You already know the answer. There is no best tool.
The best tool is the one that works best for you. That doesn’t mean your organization is a special snowflake, it just means your organization has its own specific context and that’s ok.
So how do you go about choosing a tool? The good news is that it’s actually not that complicated.
You need to start out by doing some homework. Investigate some options that seem as if they may work for your context. Focus on your current needs. Planning for those long-term future needs is often wasteful because by the time you get there everything beneath you has changed.

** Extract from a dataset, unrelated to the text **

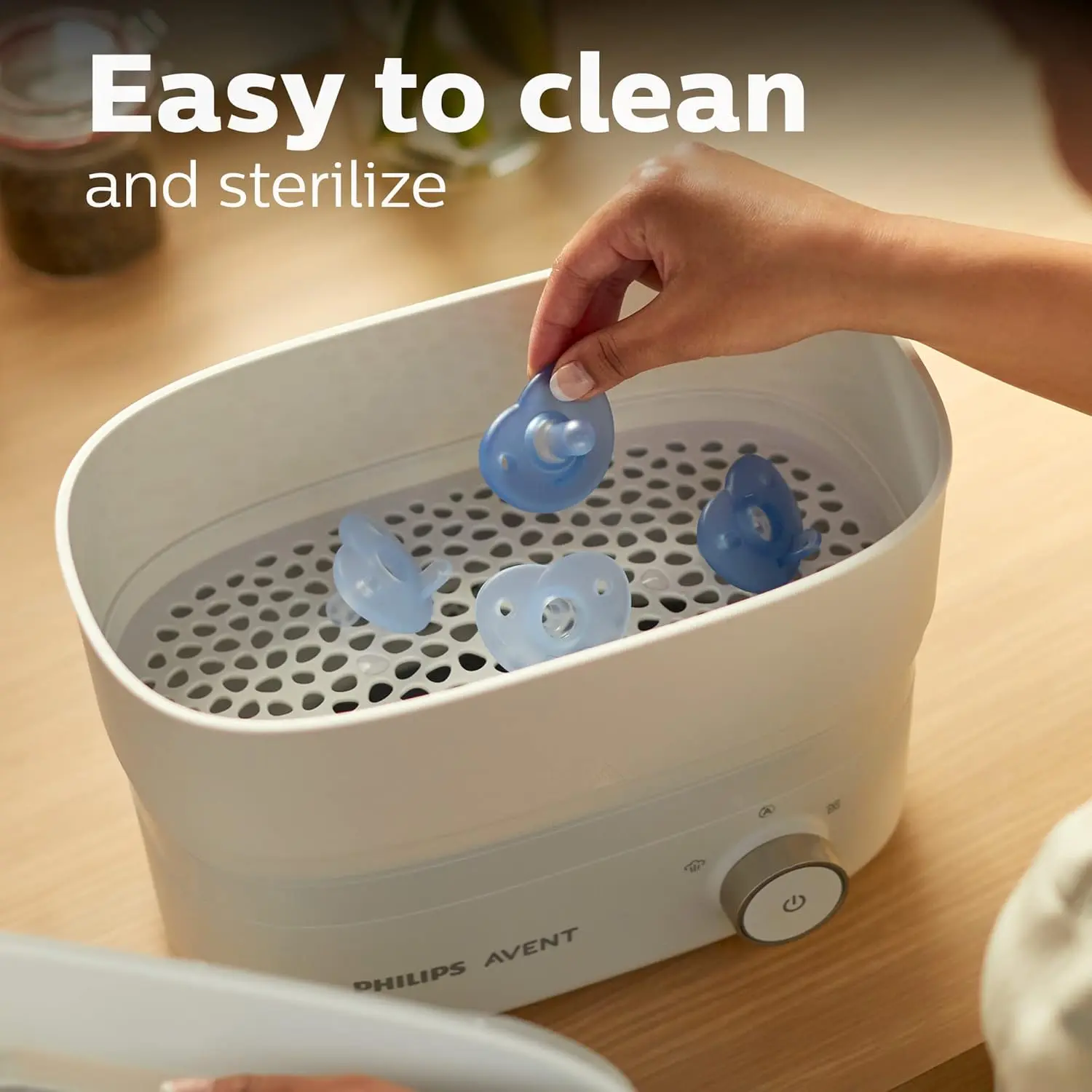 The Philips AVENT Soothie heart-shaped pacifier, in blue and light blue, is a safe and comfortable choice for newborns aged 0-3 months, trusted by hospitals and made from BPA-free silicone.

Here’s an example of how you can address your situation:
Maybe you’re currently using Jira and you realize that Jira out of the box doesn’t quite give you what you need. Investigate some Jira plugins. Maybe there’s something out there that addresses your needs. Also, look at tools that integrate with Jira. In other words, look at tools that still allow you to use Jira while providing other functionality. Yes, it can be cumbersome to switch between 2 tools, but if both tools provide lots of value, users are unlikely to complain.
On the flip side, maybe the organization is willing to avoid the sunken cost fallacy and consider non-Jira solutions. The same rules apply. Do some investigation and consider which options are viable.
Once you have some real options in front of you (ideally 2-3), perform an MVP on all options. What???
That’s right, practice what you preach. You ask your teams to address uncertainty and de-risk, now it's time for your to do the same.
But how do you do that? Again, it sounds complicated but it really isn’t.
Contact the sales person for each product and obtain a free trial licence. You might even be able to obtain a limited time full licence without talking to anyone.
Anyways, use your trial products the same way you would use your current tool and do so for a predetermined amount of time that gives you enough time to assess each product.
As you progress you’ll be able to eliminate some products. Hopefully, by the end of your trial period you have 1 or 2 options that are still viable. If you have more than one, you have a decision to make.
This concept is crazy. Why wouldn’t I just pick the right product from the beginning and not waste all the time on the other products? If I just do some more upfront analysis, i can surely arrive at the decision I need. Does this sound familiar? BUFD (Big Up Front Design). We all know how well that works. This is what happens when leaders don’t practice what they preach. They fall back into their old ways of doing things even though they demand that their teams operate in the “new” way.
So, if you want to improve your Agile tooling, treat the effort/initiative as any other type of work.